» **WORK TO COMPLETE**
Pictures aside, can you reproduce the records word for word?

Captioned web image data:
· · ·

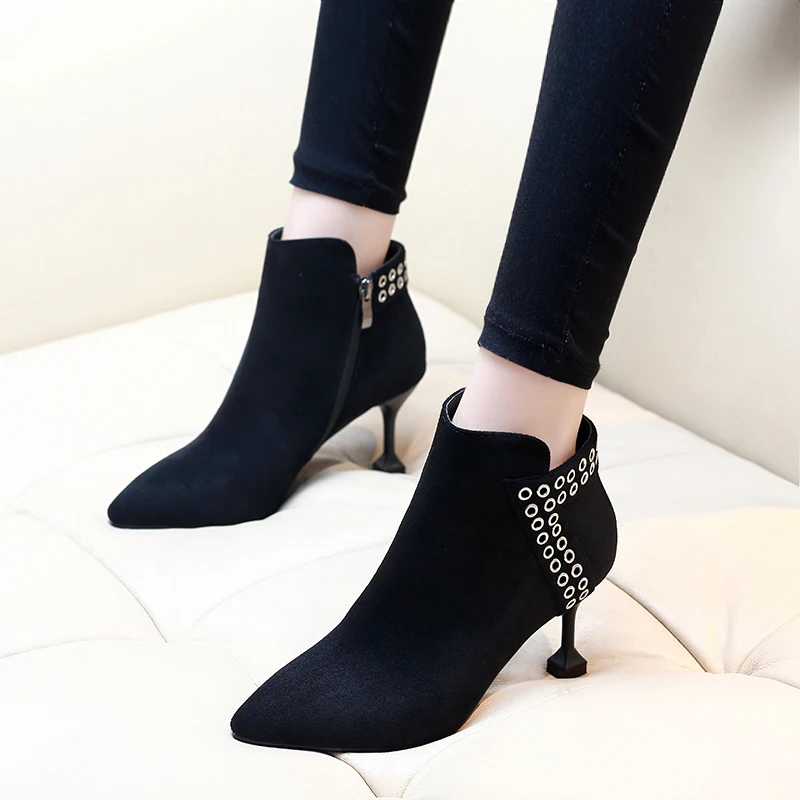 

Sexy Rivet Black Ankle Boots For Women Shoes Pointed Toe Thin High Heels Bootas Mujer Femme Zipper Chelsea Boots CH-A0109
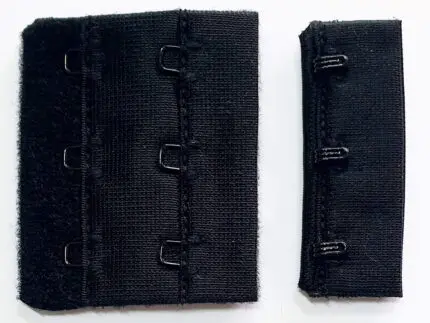 ZAPIĘCIE do biustonosza TRÓJRZĘDOWE CZARNE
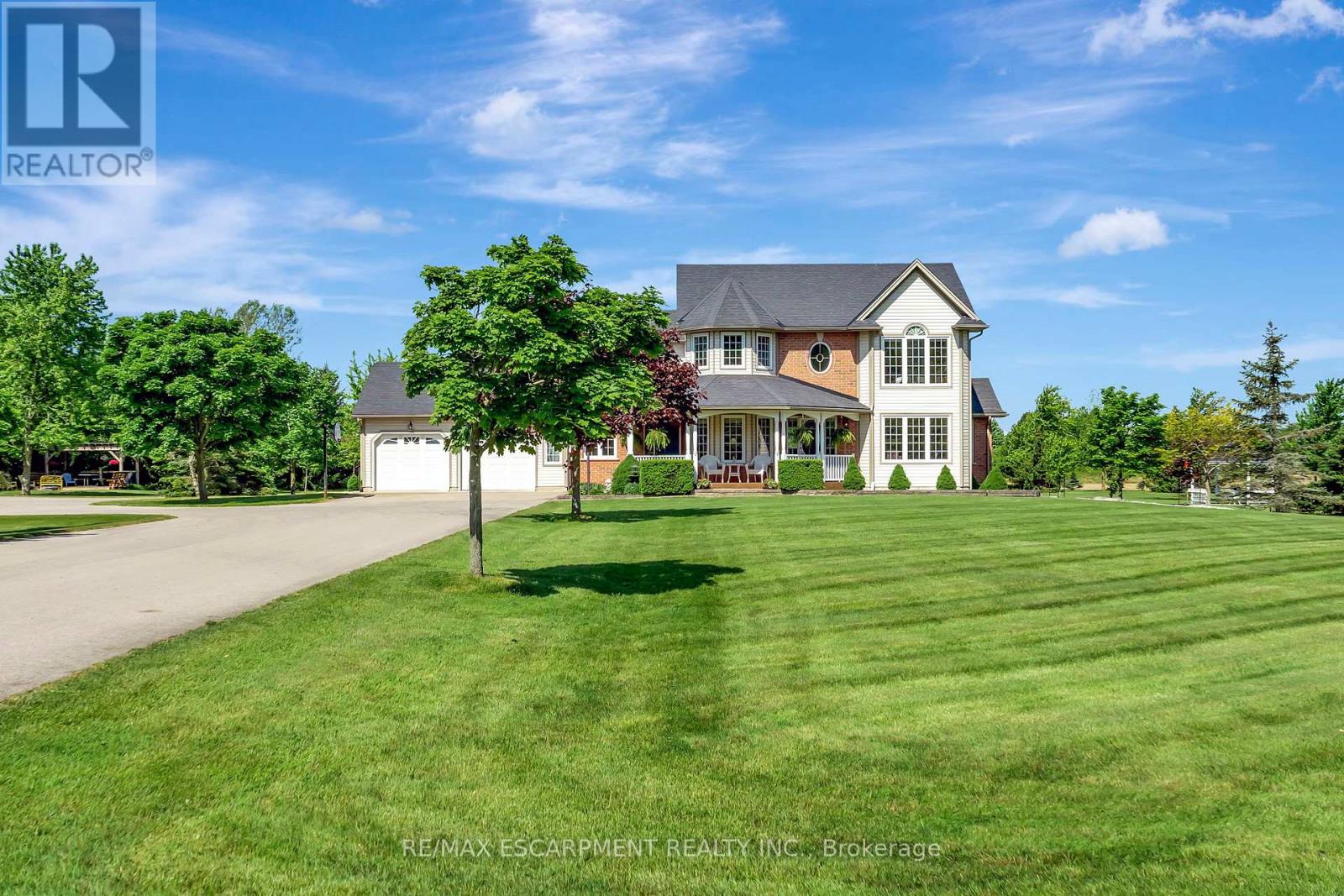 533 Marshall Road, Haldimand, Ontario  N1A 2W8 - Photo 2 - X12121364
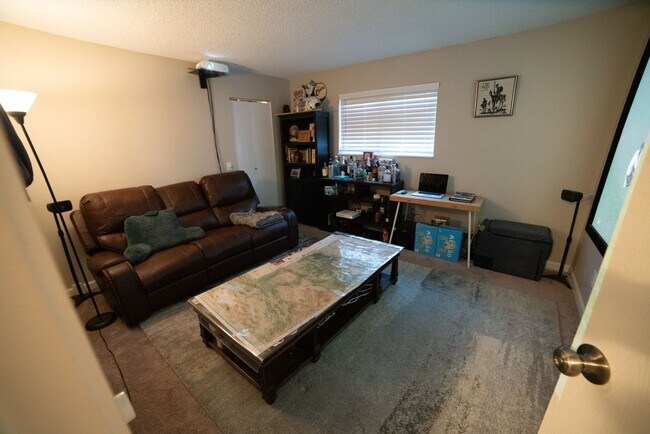 Building Photo - 341 Wright St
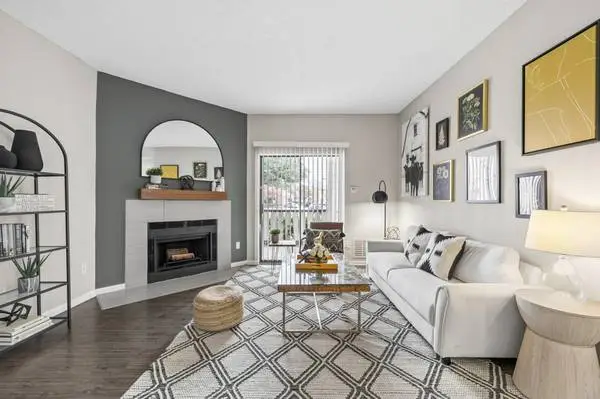 MODERN TOUCH | SPACIOUS FLOORPLAN | CHEF KITCHEN | BIG PETS | BACKYARD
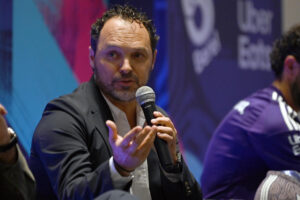 El Host City Mánager, Alejandro Hütt habla durante una rueda de prensa en la presentación del partido entre las leyendas de la FIFA y las leyendas de México en Monterrey (México). Imagen de archivo. EFE/ Miguel Sierra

· · ·

» **ANSWER SPACE**
Sexy Rivet Black Ankle Boots For Women Shoes Pointed Toe Thin High Heels Bootas Mujer Femme Zipper Chelsea Boots CH-A0109
 ZAPIĘCIE do biustonosza TRÓJRZĘDOWE CZARNE
 533 Marshall Road, Haldimand, Ontario  N1A 2W8 - Photo 2 - X12121364
 Building Photo - 341 Wright St
 MODERN TOUCH | SPACIOUS FLOORPLAN | CHEF KITCHEN | BIG PETS | BACKYARD
 El Host City Mánager, Alejandro Hütt habla durante una rueda de prensa en la presentación del partido entre las leyendas de la FIFA y las leyendas de México en Monterrey (México). Imagen de archivo. EFE/ Miguel Sierra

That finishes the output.